1. Why are LLMs so powerful?
My answer is: conceptual simulation over possible worlds

From a given context, a Large World Model can sample possible futures, some are "real" and some are "imaginary"
Large language models have shown remarkable ability in building world models (multi-modal models are likely to be even more effective in this regard). Their power lies in their capacity to produce plausible outputs given a context, allowing them to explore possibilities and even creatively combine unrelated concepts.
2. Two main drawbacks:

The two major problems of current Large World Models
When LLMs “generate possible futures”, they struggle to distinguish between what is real and what is not. Additionally, while humans engage in step-by-step trial and error processes, LLMs can do this today but forget beyond their context window.
3. A “hippocampus” is a key missing piece towards AGI
3.1. Episodic memory is the solution to confabulations

The star-wars-in-a-box man
Imagine a person locked inside a closed box, and who has only seen Star Wars movies since its birth. For this individual, wouldn’t Star Wars be their reality? Similarly, LLMs are trained on both fiction and reality without necessarily an explicit, native distinction between the two. They can recite knowledge, but they don’t know how and where they acquired it.
Episodic grounding into space and time are what make real events real.
I propose a simple, perhaps bold claim:
Grounding in space and time is what allows us to distinguish between what is real and what is wrong. Everything that happened in our space and time is real, and everything else is imaginary. The cue of space and time is what allows us to simply distinguish between both.
Unlike LLMs, human learning is constantly grounded in continuous space and time signals. We always know our location, date, and time while we think, learn and recall memories.

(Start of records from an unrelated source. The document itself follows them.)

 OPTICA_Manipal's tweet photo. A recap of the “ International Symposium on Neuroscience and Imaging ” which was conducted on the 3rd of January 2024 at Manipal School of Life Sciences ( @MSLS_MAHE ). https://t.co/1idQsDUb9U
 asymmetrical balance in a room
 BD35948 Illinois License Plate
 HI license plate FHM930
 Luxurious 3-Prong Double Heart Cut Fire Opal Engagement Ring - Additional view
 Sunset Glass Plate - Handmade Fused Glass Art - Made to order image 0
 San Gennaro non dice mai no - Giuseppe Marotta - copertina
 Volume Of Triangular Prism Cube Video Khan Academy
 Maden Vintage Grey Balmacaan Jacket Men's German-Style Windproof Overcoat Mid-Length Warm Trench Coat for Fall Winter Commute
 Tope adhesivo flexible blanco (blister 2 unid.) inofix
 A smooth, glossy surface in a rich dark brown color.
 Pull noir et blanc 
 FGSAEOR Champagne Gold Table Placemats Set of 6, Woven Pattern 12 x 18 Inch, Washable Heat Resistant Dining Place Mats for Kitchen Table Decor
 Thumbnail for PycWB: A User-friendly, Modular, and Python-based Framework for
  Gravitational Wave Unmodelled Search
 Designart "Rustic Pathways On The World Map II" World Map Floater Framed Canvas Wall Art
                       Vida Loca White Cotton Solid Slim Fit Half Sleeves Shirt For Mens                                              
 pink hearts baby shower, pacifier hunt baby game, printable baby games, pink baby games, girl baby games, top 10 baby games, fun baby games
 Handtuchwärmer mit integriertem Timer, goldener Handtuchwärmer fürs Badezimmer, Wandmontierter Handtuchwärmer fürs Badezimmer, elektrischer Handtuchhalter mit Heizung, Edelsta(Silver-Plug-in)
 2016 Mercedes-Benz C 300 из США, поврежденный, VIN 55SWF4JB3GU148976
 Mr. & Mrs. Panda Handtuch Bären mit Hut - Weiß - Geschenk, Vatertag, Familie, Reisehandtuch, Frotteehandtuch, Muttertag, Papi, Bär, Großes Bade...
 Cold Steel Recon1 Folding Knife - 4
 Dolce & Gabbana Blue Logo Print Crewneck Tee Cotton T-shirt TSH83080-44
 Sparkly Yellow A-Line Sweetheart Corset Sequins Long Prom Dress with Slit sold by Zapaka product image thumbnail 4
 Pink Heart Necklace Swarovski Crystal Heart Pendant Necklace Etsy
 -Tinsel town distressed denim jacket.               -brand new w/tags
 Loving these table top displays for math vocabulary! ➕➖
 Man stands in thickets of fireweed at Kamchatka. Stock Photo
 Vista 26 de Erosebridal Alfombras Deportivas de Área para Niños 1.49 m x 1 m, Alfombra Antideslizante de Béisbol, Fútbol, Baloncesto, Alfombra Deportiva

The hippocampus should have been better called the hippocompass! Somewhat our coordinate system in time and space, and the corresponding index with which we can access our memories.
3.2. Episodic memory is also the solution to coherent system 2 thinking
I also think that episodic memory is crucial for enabling what is called “system 2” thinking in AI systems.

A schematic view of how a system 2 thinking approach could be enabled if we solve the problem of ingesting episodic memory inside Large World Models. A similar approach could be implemented with today's technology/engineering, but would be too costly.
If we can quickly update LLM parameters coherently with the results of the intermediate thinking steps, we can enable true system 2 thinking, allowing models to remember and build upon their recent thoughts and actions.
4. Current work-in-progress
As the principal investigator, I crafted the research framework and guided the project from its inception to execution. However, the concrete progress we’re making wouldn’t be possible without the invaluable contributions of my dedicated colleagues, whose insights continue to enrich and refine these ideas. Below is what we will deliver soon.
🔜 Coming Soon: Episodic-memory benchmarks
A benchmark to evaluate LLMs on their ability to recall episodic events. This involves a generic framework to represent episodic events that happen in time and space, and a systematic list of episodic recall tasks.
🔜 Coming Soon: Empirical investigations on cognitive dissonance-aware incremental update of knowledge inside LLMs.
An LLM blindly believes its training data even if it contradicts its prior knowledge, while a human detects when something contradicts their prior beliefs. When such cognitive dissonance occurs, the human actively engages in resolving it. Additionally, implementing a form of stubbornness, where neurons full of knowledge become stubborn, and weights that don't activate clearly enough are reset to zero, could be beneficial.